Model Inputs
VajraStreamer.load() accepts either a Hugging Face repo id or a huggingface.co URL.
# Repo id. This is the clearest form.
tensors = streamer.load("meta-llama/Meta-Llama-3-8B")
# Full Hugging Face URL.
tensors = streamer.load(
"https://huggingface.co/meta-llama/Meta-Llama-3-8B/resolve/main/model-00001-of-00004.safetensors"
)
Repo ID Is the Real Input
What you might expect: passing a URL to a specific shard streams just that shard.
The tricky part: the native resolver extracts only the repo id (owner/model) from a Hugging Face URL. Then it queries the Hugging Face model API, finds every .safetensors file in that repo, and loads all of them.

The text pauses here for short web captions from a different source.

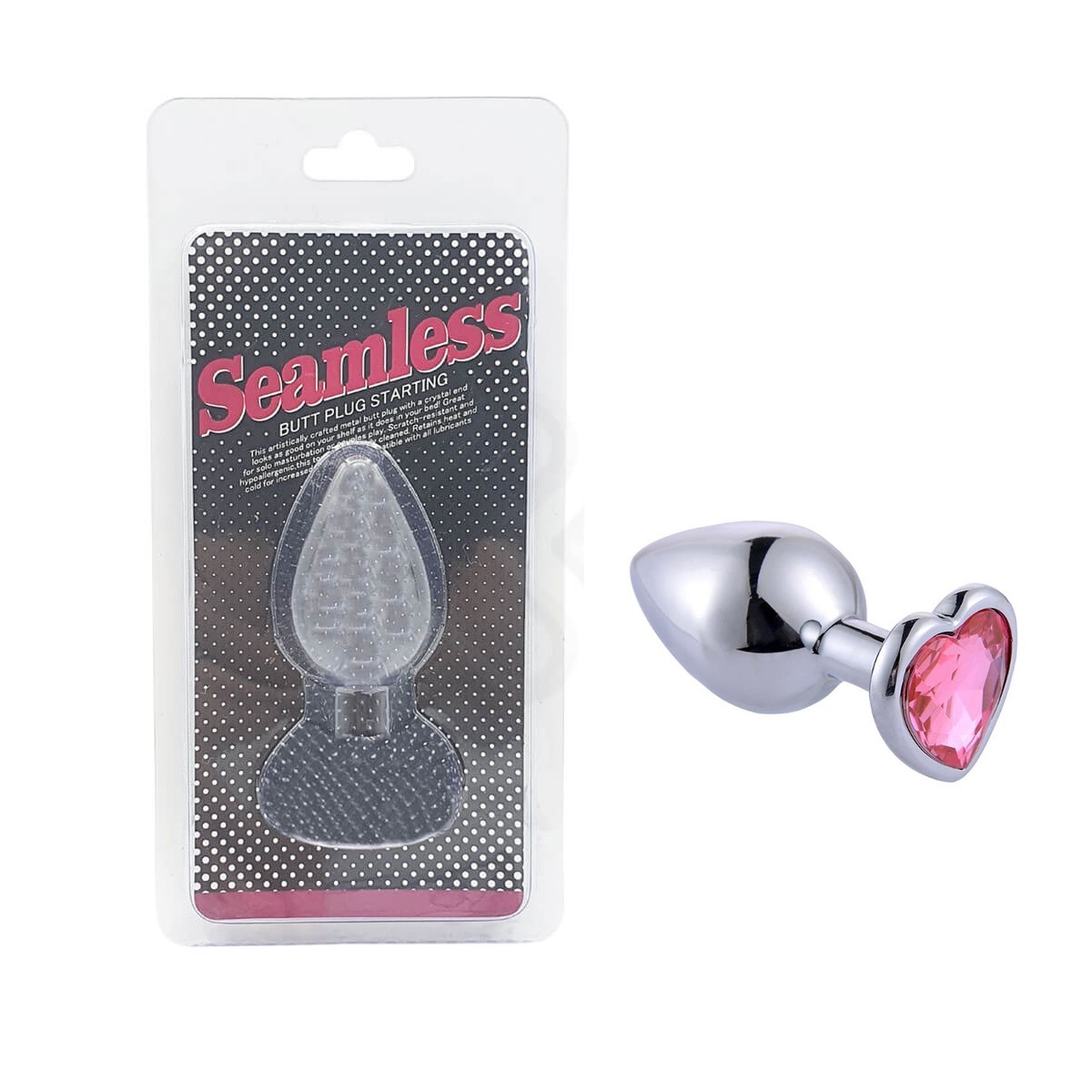 Plug Anal ''P'' em Alumínio e Base em Forma de Coração com Joia - Seamless Butt Plug Starting | 5,2 x 2,7 cm | Disponível em 6 Cores - 11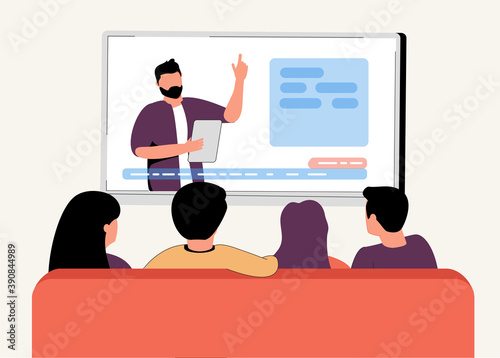Illustration of family or roommates watching the news at home in flat style vector. A girl and two men watching television at home premium vector illustration. Rear View, Family Sitting On Sofa Lounge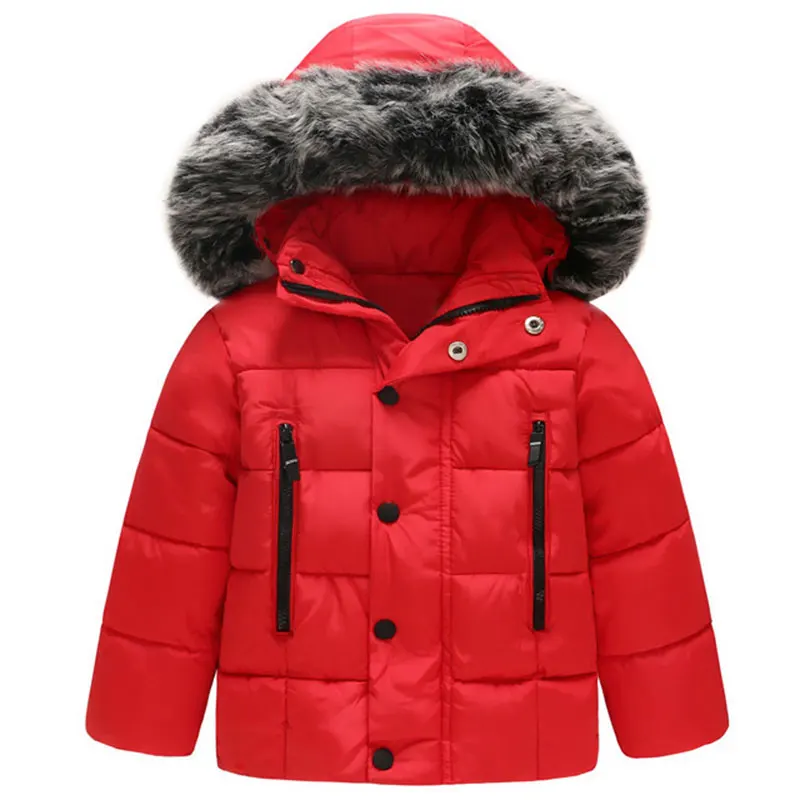 Parka garçon rouge avec capuche en fourrure synthétique Parka garçon rouge avec capuche en fourrure synthétique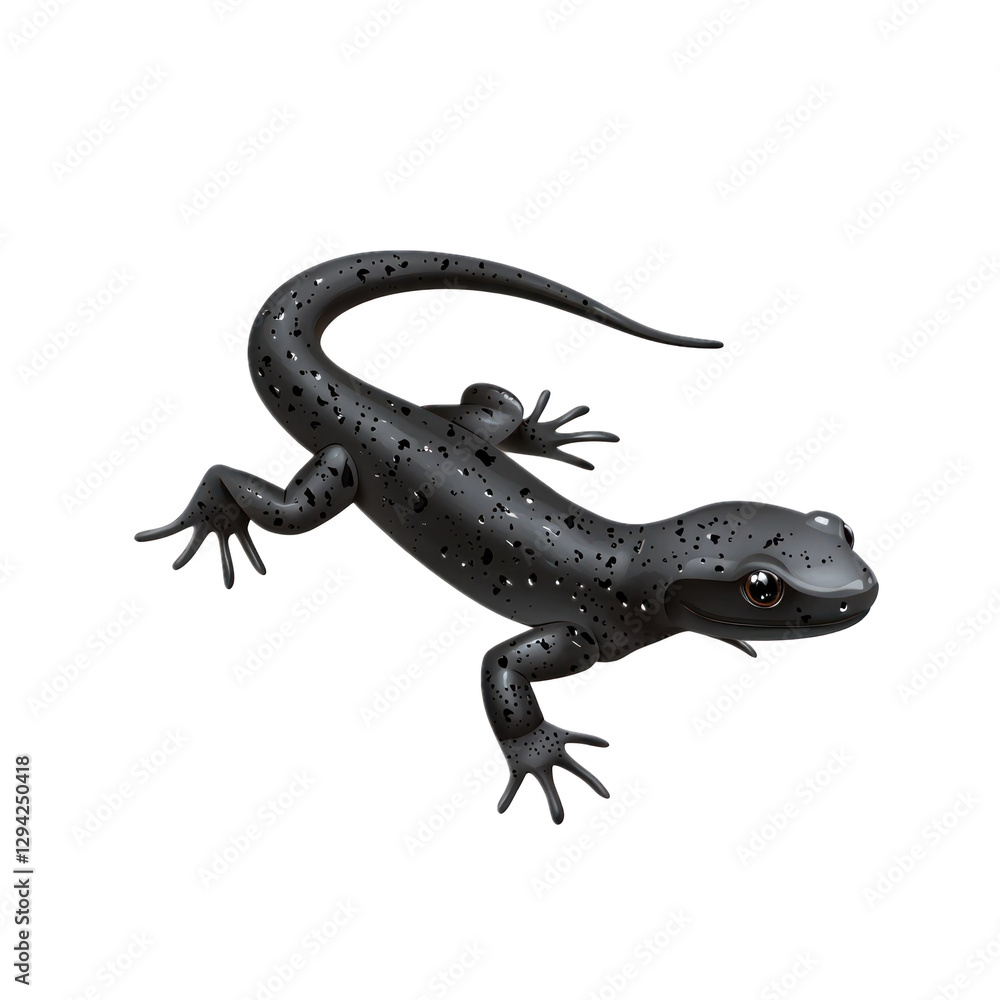 Naklejka premium 3D vector icon of Hellbender salamander isolated on transparency background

So these two inputs target the same model repo:
streamer.load("meta-llama/Meta-Llama-3-8B")
streamer.load(
"https://huggingface.co/meta-llama/Meta-Llama-3-8B/resolve/main/model-00001-of-00004.safetensors"
)
The path after /resolve/main/ is not used to restrict loading to one file.
Supported Hosts
Only huggingface.co URLs are supported. Other HTTP hosts are rejected during model resolution and surface as ConnectionError in Python.
Gated Models
For gated or private repos, pass a Hugging Face token through StreamConfig.auth_token:
config = StreamConfig(auth_token="hf_...")
with VajraStreamer(config) as streamer:
tensors = streamer.load("meta-llama/Meta-Llama-3-8B")
If the token is missing or invalid, resolution can fail with ConnectionError.